Confused about t-contrasts, F-contrasts and the associated tests (t-test, ANOVA) What is the difference between a t-test and a contrast tested using a t-test?
When would an F-contrast be used instead of a regular t-contrast? Is the relationship between the two the same as between an ANOVA and a t-test?
Finally, is the answer to any of the above questions related to the fact that a "difference" contrast for a factor with N levels will have N-1 columns? (i.e., a difference contrast is only a vector (-1,1) for factors with 2 levels)
 A: Yes the question(s) could use some clarification, but here is an attempt at answering.
First you ask what the difference is between a t-test and a contrast tested using a t-test.  There are actually many different tests that can be called a t-test, this is one of the things that makes the question unclear.  Any time that you have a parameter estimate that is (approximately) normally distributed divided by a standard error (estimated standard deviation of the parameter estimate based on the same data) then the resulting test statistic is (approximately) distributed according to the t distribution and can be tested using a t-test.  This includes the 1 sample t-test, the paired t-test, the independent 2 sample t-test, test of a regression slope, etc.  Since a linear combination of normal estimates is also normal, this means that testing a single contrast falls into this category as well (the tests that I listed can be reformulated as tests on contrasts).

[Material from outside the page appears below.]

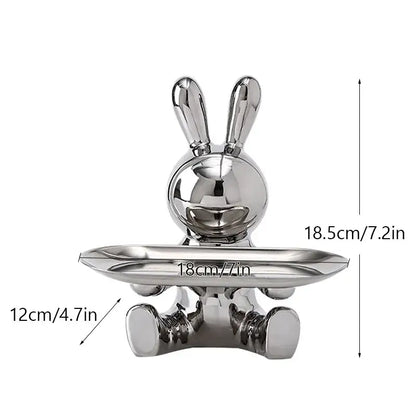 Silver astronaut rabbit resin tray office storage decor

When comparing the t-tests and the F-tests you should understand that an F-statistic based on 1 df in the numerator is just the square of a t-statistic.  So there are many tests that could be performed using either a t-test or an F-test and you will achieve the exact same results.  The advantage of the t-test is that sometimes it is simpler and more directly interpretable and you can do one-sided tests with the t-test much more simply than the F-test.  The advantage of the F-test is that it can look at several tests/parameters/etc. simultaneously.  So just like you can compare 2 means with a t-test (or ANOVA), but need ANOVA to test more than 2 means; you can test a single contrast with a t-test (or an F-test), but need an F-test to simultaneously test more than 1 contrast and control the overall or family-wise type I error rate.